= Problem to solve =
For this exercise, copy exactly only the lines from the one containing "A multi-story building" to the final line of the material below, without the pictures.

= Records for the exercise =

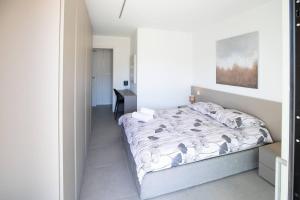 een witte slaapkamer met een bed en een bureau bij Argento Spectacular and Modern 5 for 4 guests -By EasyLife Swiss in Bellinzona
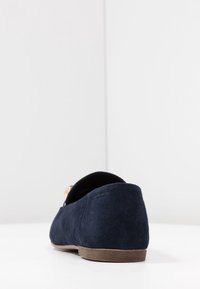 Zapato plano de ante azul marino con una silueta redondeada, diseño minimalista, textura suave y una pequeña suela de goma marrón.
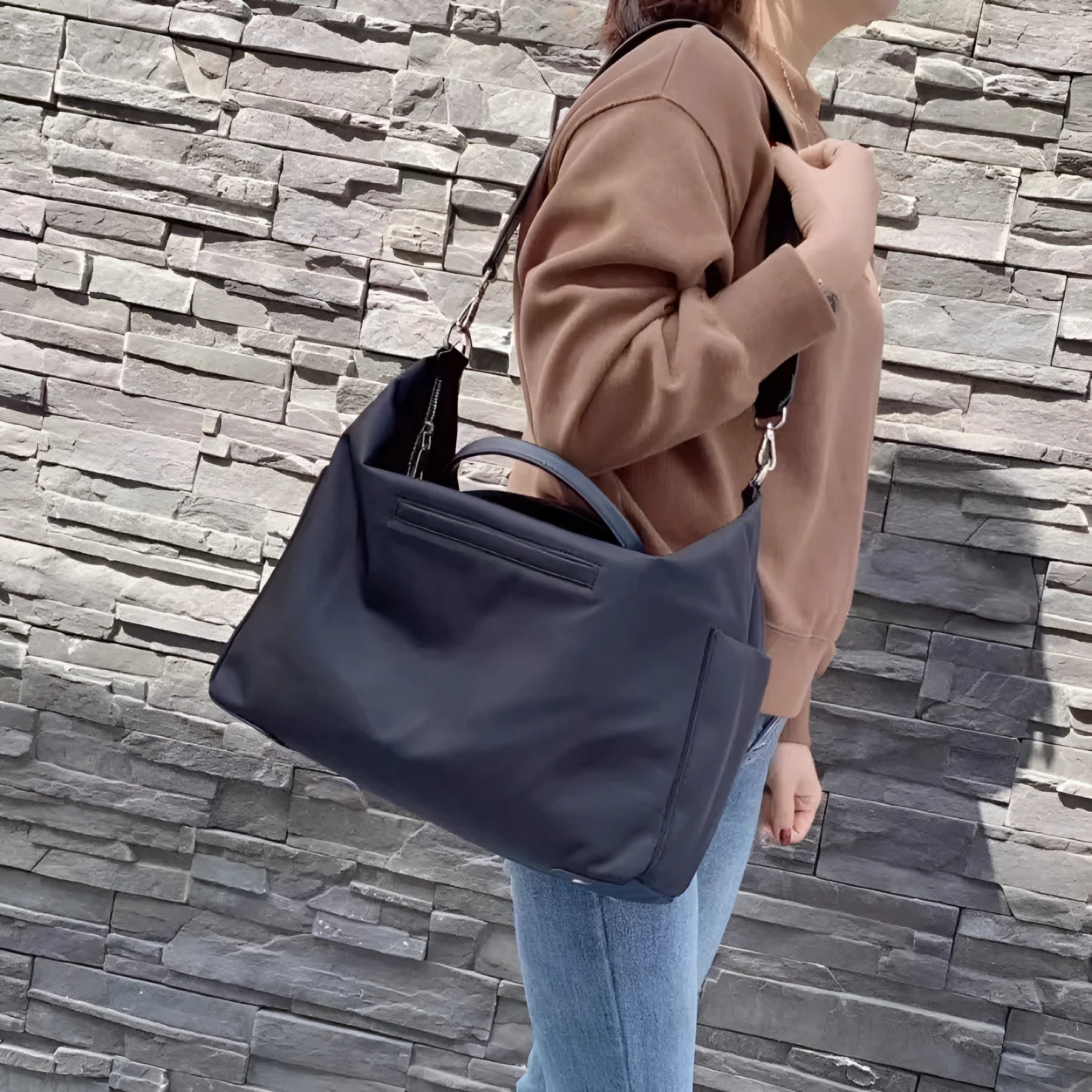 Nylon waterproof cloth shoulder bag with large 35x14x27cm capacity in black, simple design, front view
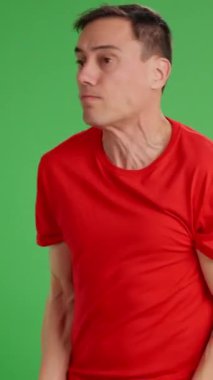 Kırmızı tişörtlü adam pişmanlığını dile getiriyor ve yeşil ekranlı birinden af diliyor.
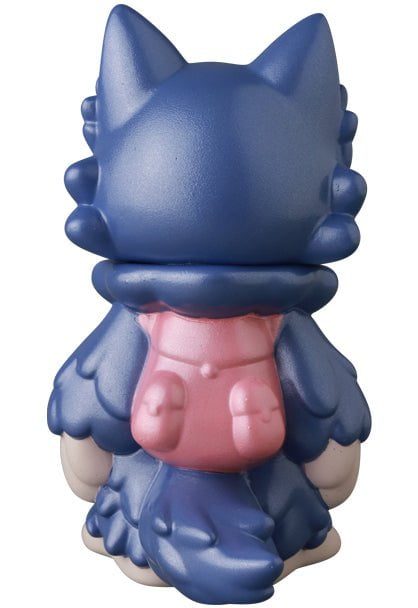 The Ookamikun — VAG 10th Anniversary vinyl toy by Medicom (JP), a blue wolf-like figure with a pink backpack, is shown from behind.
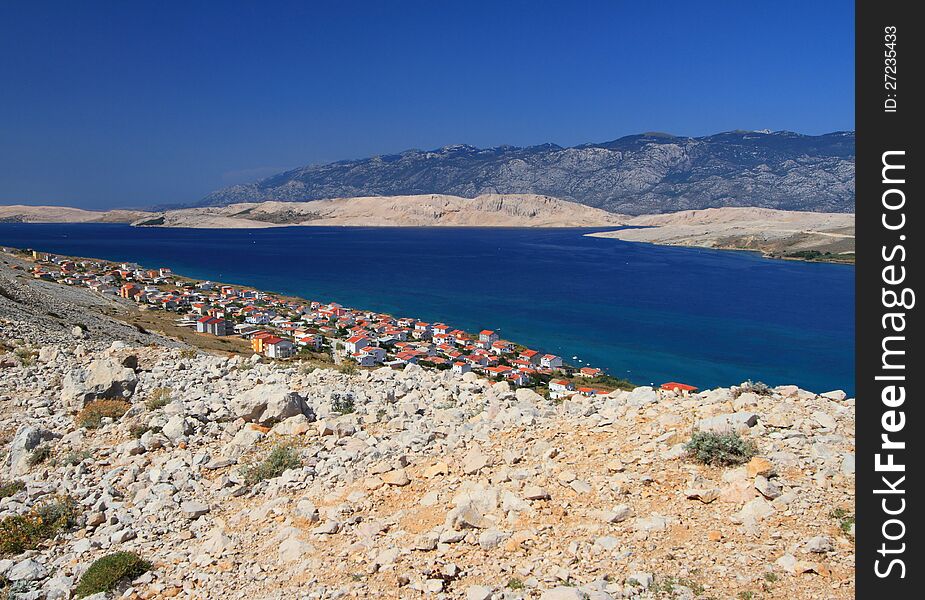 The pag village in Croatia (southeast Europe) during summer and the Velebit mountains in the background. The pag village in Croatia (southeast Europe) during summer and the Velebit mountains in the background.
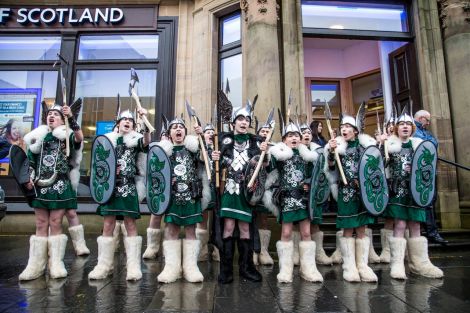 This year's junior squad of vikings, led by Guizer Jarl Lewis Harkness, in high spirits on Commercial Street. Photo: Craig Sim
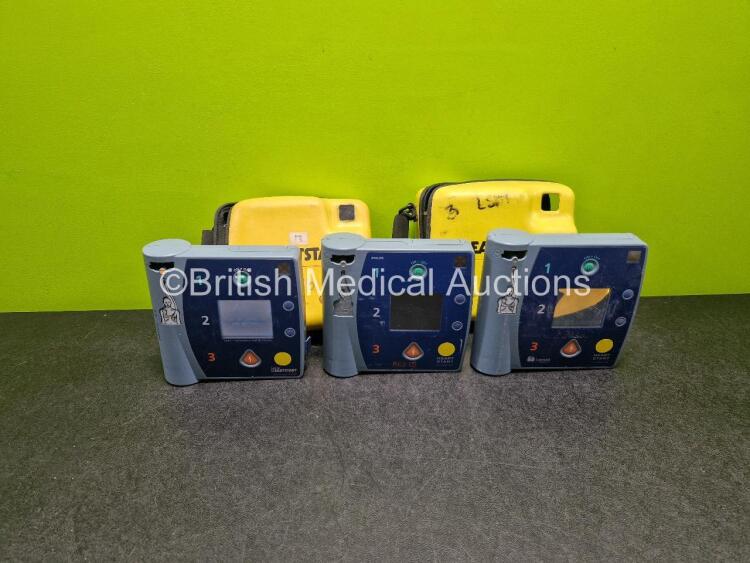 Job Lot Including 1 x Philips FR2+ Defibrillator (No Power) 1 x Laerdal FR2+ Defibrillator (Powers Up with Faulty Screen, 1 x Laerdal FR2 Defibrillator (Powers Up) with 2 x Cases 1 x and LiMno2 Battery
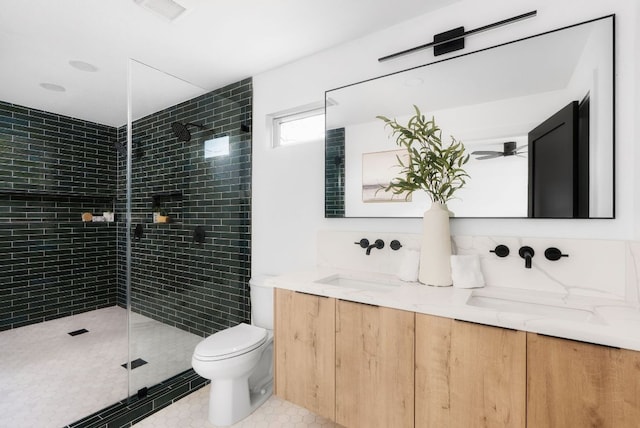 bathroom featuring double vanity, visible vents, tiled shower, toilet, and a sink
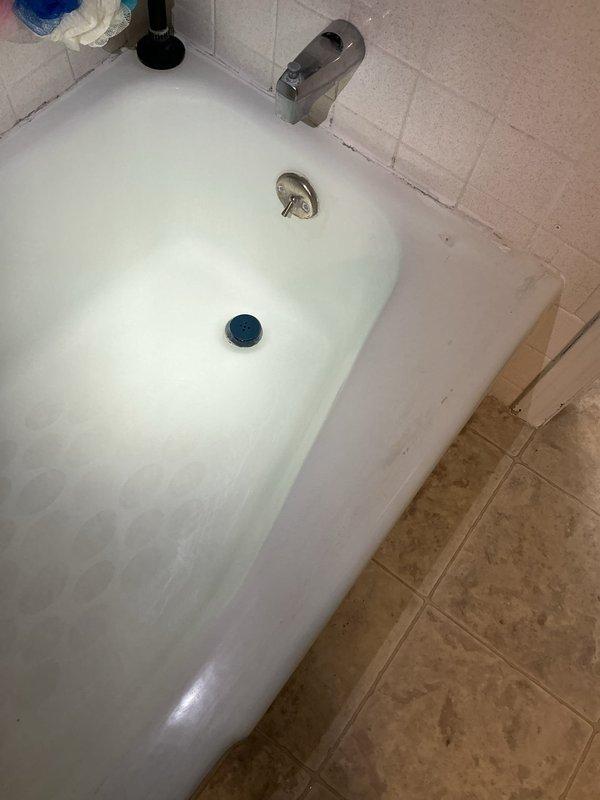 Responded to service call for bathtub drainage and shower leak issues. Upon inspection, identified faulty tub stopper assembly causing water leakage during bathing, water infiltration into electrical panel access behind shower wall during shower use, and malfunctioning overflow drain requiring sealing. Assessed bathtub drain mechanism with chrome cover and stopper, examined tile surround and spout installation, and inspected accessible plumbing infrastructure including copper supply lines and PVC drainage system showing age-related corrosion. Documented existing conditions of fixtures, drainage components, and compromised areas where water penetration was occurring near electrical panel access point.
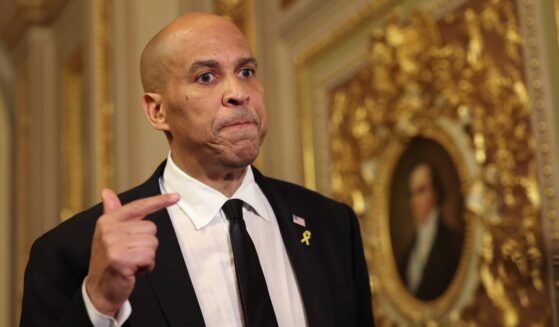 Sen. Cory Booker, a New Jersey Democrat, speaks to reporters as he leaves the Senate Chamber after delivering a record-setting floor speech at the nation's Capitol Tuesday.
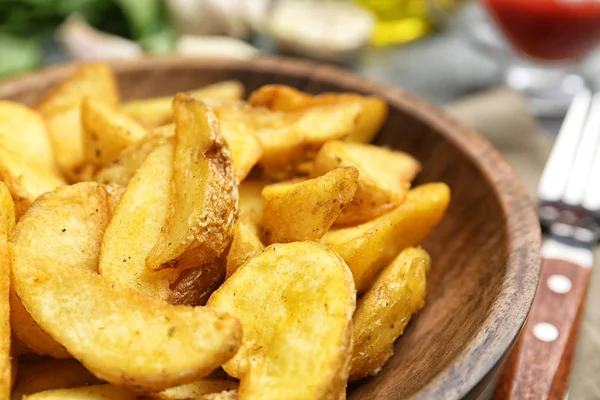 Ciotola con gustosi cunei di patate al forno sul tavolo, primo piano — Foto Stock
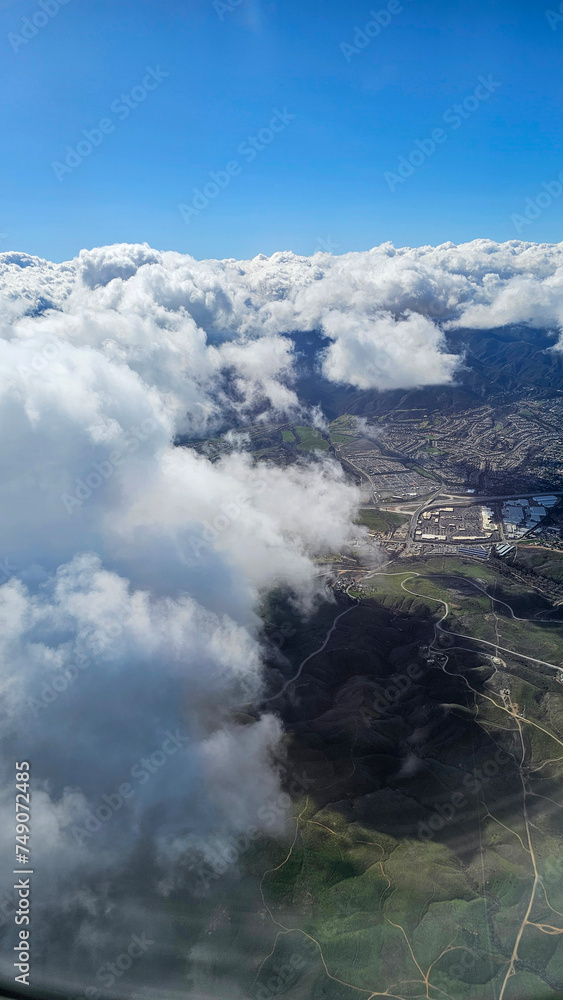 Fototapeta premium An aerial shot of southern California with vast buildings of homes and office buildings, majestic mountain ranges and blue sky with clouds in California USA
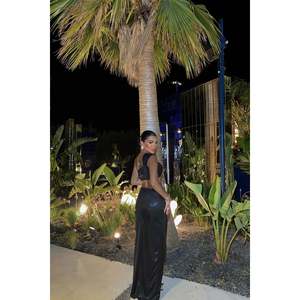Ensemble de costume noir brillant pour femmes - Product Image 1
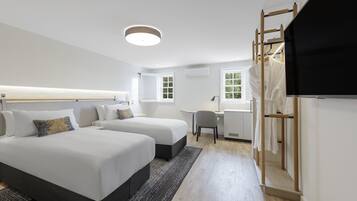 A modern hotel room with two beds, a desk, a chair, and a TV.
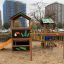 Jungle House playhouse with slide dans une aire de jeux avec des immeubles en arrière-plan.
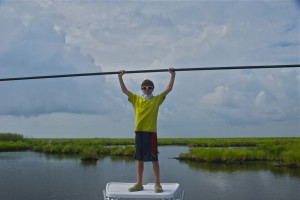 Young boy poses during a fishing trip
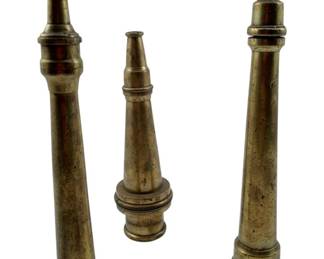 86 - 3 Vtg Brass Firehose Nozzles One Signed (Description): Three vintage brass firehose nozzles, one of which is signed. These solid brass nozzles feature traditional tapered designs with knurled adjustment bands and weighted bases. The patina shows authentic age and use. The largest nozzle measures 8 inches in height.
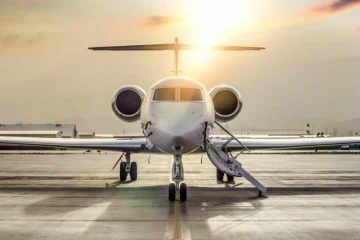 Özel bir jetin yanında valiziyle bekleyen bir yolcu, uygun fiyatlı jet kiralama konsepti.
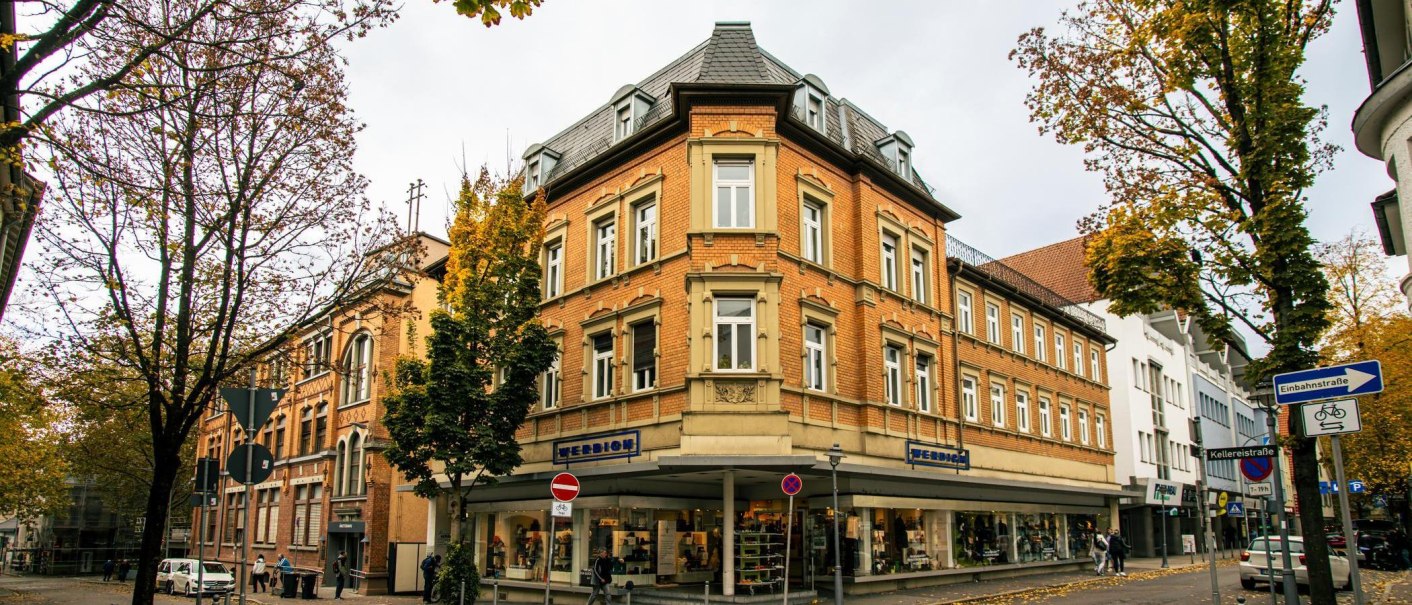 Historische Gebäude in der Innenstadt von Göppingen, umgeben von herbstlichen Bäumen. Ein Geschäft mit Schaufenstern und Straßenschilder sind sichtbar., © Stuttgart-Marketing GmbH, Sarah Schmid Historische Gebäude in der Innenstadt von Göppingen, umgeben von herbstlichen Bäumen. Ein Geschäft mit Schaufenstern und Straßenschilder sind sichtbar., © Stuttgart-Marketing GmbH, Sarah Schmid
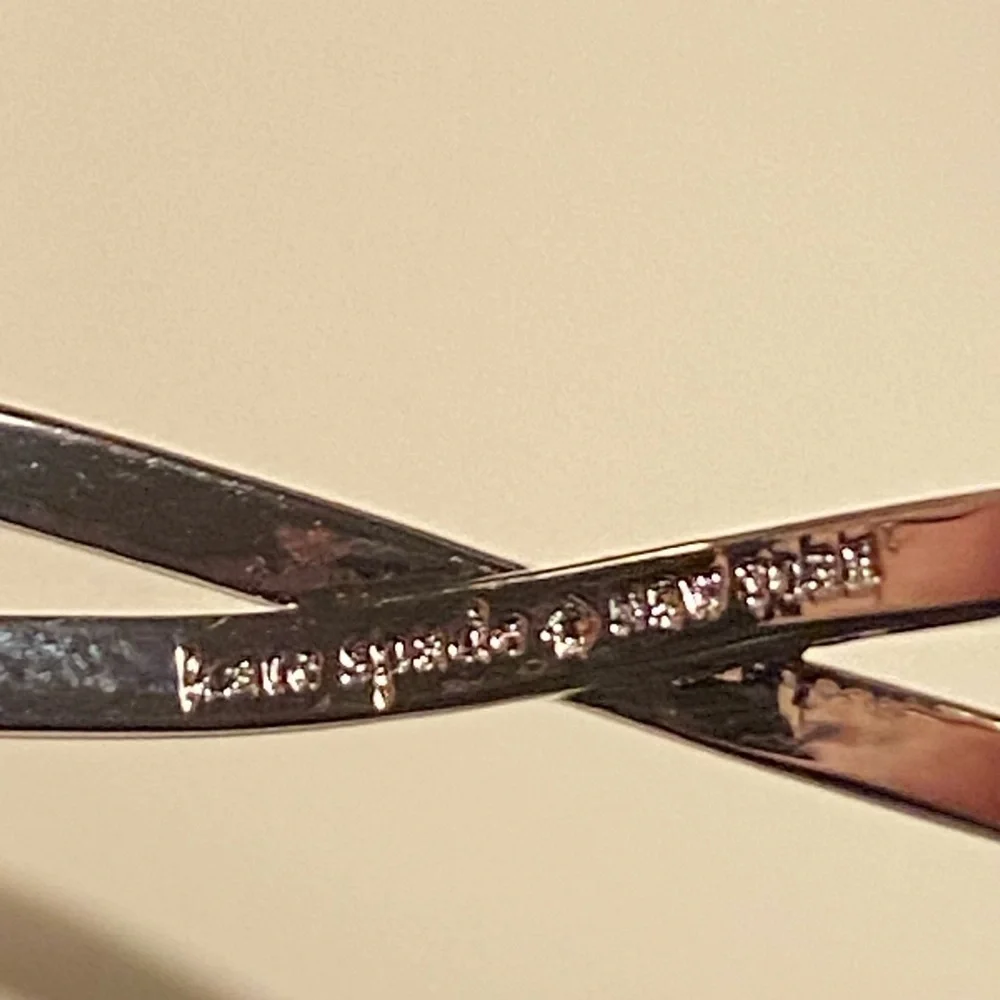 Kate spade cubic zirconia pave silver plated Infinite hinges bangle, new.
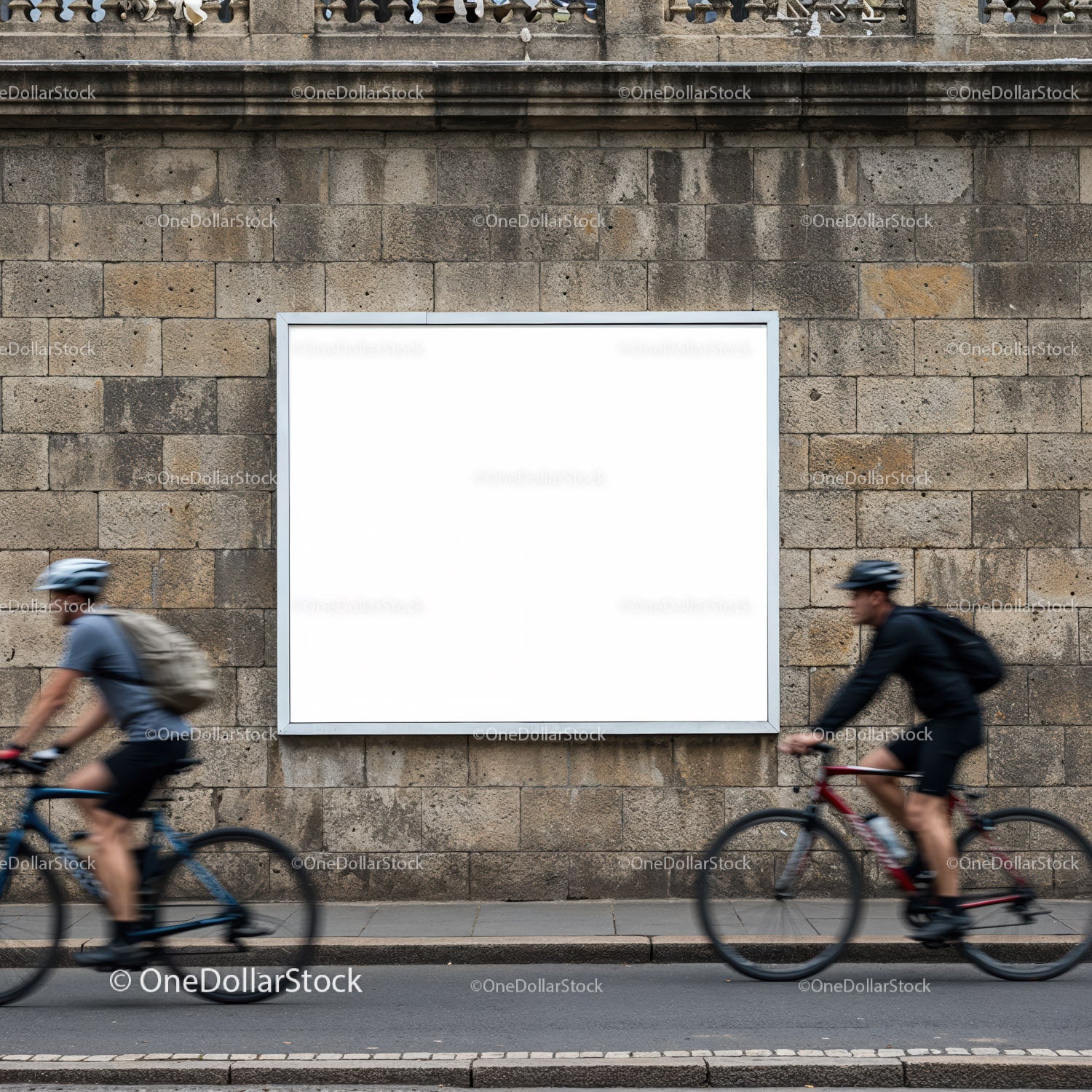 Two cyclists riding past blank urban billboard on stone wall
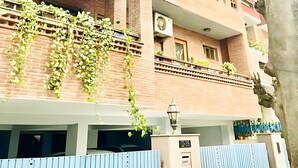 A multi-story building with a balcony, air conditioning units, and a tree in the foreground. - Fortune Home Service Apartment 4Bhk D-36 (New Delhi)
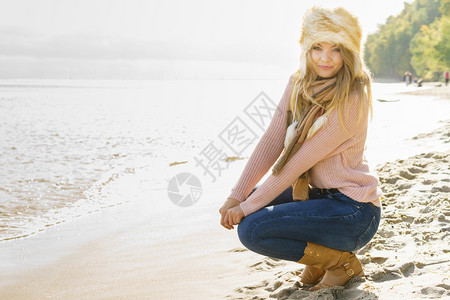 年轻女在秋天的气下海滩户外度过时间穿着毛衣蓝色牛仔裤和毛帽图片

= Answer to this exercise =
 A multi-story building with a balcony, air conditioning units, and a tree in the foreground. - Fortune Home Service Apartment 4Bhk D-36 (New Delhi)
 年轻女在秋天的气下海滩户外度过时间穿着毛衣蓝色牛仔裤和毛帽图片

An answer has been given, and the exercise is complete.